Using Nitrogen Isotope Records to Constrain Changes to the Global Oceanic Fixed Nitrogen Budget during the Last Glacial Maximum in an Earth System Climate Model

Monday, 15 December 2014
Christopher J Somes1, Andreas Schmittner2 and Andreas Oschlies1, (1)GEOMAR Helmholtz Centre for Ocean Research Kiel, Kiel, Germany, (2)Oregon State University, College of Earth, Ocean, and Atmospheric Sciences, Corvallis, OR, United States
Nitrogen is one of the major limiting nutrients in the ocean that prevents biological production and carbon export into the ocean interior, known as the biological carbon pump. The major source and sink processes for the oceanic fixed nitrogen budget, N fixation and denitrification, respectively, are sensitive to climate change. We force an Earth System Climate Model of intermediate complexity that includes three-dimensional modules ocean biogeochemistry and isotopes (MOBI) with boundary conditions from the Last Glacial Maximum (LGM: ~21,000 years ago) and show that the nitrogen isotope results are qualitatively consistent with a global sedimentary database. Water column denitrification, which occurs in oxygen minimum zones, decreases by a factor of ~2 due to increased oxygen solubility in the glacial surface ocean that is ~2°C cooler on the global average. Sedimentary denitrification also decreases by a factor of ~2 due more exposed continental shelves from reduced sea level. We conduct experiments showing how N fixation responds in a “Redfield” biogeochemical model with constant elemental stoichiometry (N:P=16) and another “non-Redfield” experiment that includes a higher N:P quota for nitrogen fixers (N:P=40) and preferential remineralization of dissolved organic phosphorus relative to nitrogen (2 times faster).
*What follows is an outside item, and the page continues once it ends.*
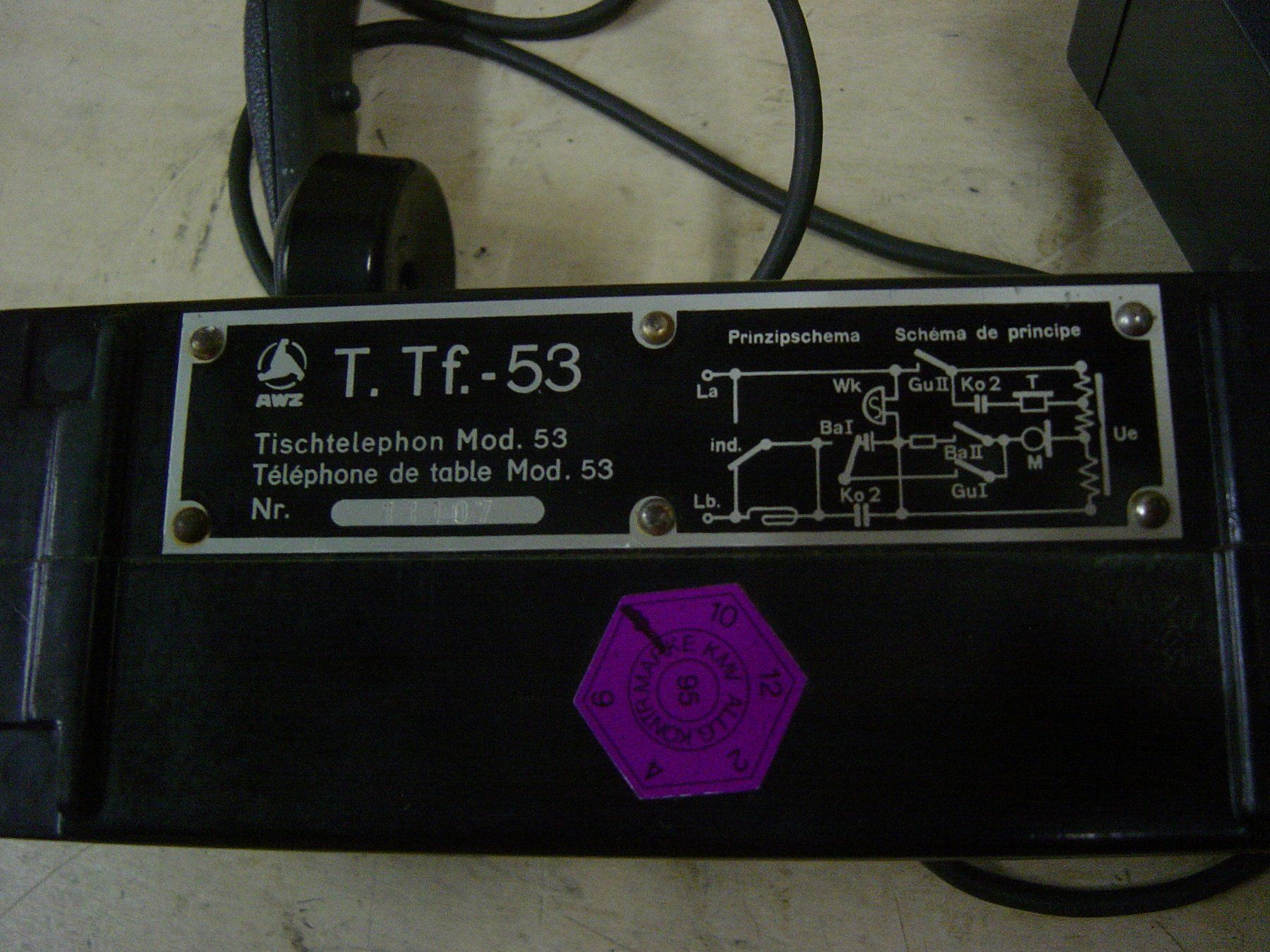 Telefone: Tischtelefon T.Tf.-53 Schweizer Armee – Gebraucht aus Safenwil von  5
This “non-Redfield” experiment produces a more realistic distribution of dissolved organic nitrogen and phosphorus in the modern ocean and stimulates additional N fixation due to less P limitation of N fixers. It predicts that the oceanic fixed nitrogen inventory during the LGM was ~9% larger than present, whereas the “Redfield” model predicts an increase of only ~5%. Our experiments suggest that the oceanic nitrogen inventory during the LGM was significantly larger than present-day and show the importance of including non-Redfield stoichiometry in marine biogeochemical models when estimating changes to N fixation.